En medio del calendario, entre días dedicados al orgasmo femenino, a Nuestra Señora de los Milagros, a las croquetas y a la tortilla de patata (todas ellas cosas celebrables y esplendorosas) seguimos festejando el Día del Libro cada 23 de abril, en el mes más literario y cruel, si hemos de hacer caso a Eliot. A mí me encanta celebrar aquello que me gusta. Y por gustarme, me gustan todos los gatos, muchas personas, casi todos los desiertos y el mar, que es siempre el mismo. También me gustan los libros y, curiosamente, acabo considerándolos gatos, personas, desiertos y mares.
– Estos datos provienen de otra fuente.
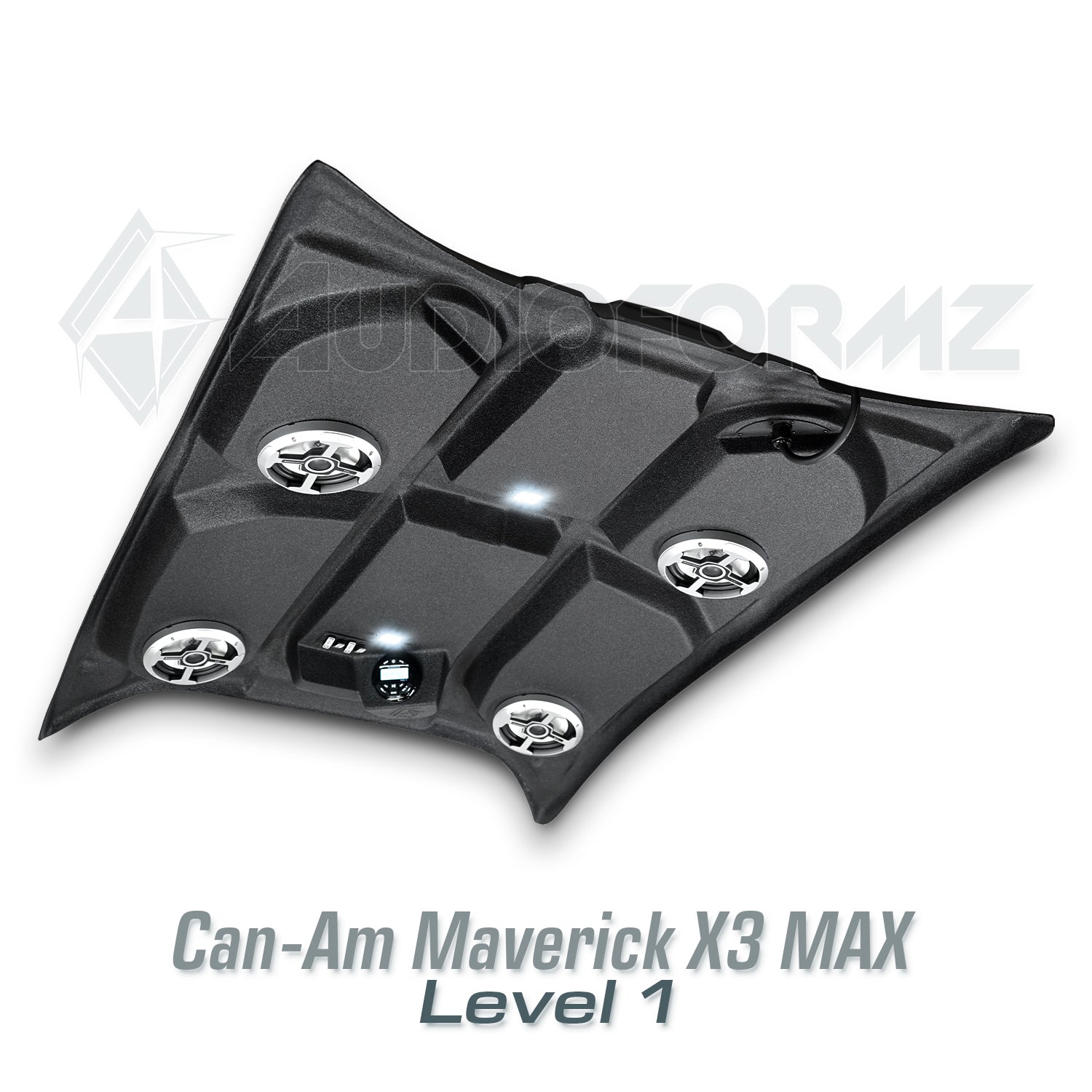 Can-Am Maverick X3 MAX Stereo Tops | AudioFormz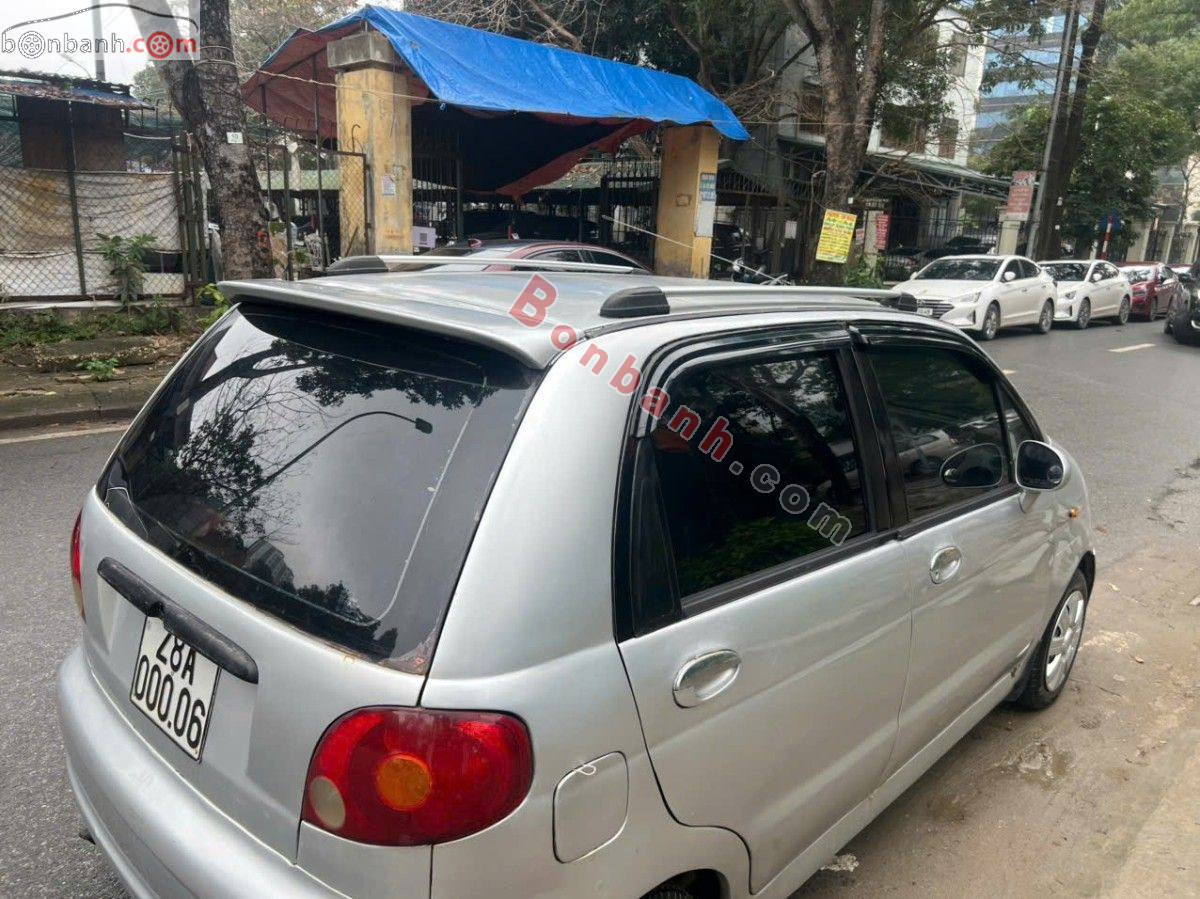 Bán ô tô Daewoo Matiz SE 0.8 MT - 2005 - xe cũ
Algunos son distantes como gatos, diosecitos antiguos que viven entre nosotros y se dejan acariciar solo cuando quieren, tal vez solo cuando deciden que lo merecemos según su misteriosa manera de juzgar. Otros son un desierto, con su árida autenticidad y su profunda calma y esa llanura inmensa que nos permite ver el cielo sobre ellos. Otros son como el mar: jamás voy a cansarme de mirarlos. Solo algunos son personas. Con su grandeza y su miseria a cuestas, son los únicos con los que he podido hablar. Es cierto que muchos acaban siendo nada, quizá un suspiro de tedio más o menos amable o una odiosa respiración a la espalda del desamor, como todas aquellas personas a las que debemos olvidar, pero unos pocos son también mar y son desierto, tienen la humanidad y la animalidad de lo que está vivo, el misterio delicado de los símbolos y la contundencia de lo real, son todo eso y mucho más, y no han encontrado aún su exacto sitio en mi clasificación intuitiva que, al fin y al cabo, solo habla de mi empobrecida manera de entenderlos. Espero sobre todo a estos últimos. No sé si esperar es ya una forma de búsqueda ni si en ellos encontraré algo mío o algo tan ajeno que leerlos será como quitarme una venda de los ojos. Uno nunca sabe, pero quiere.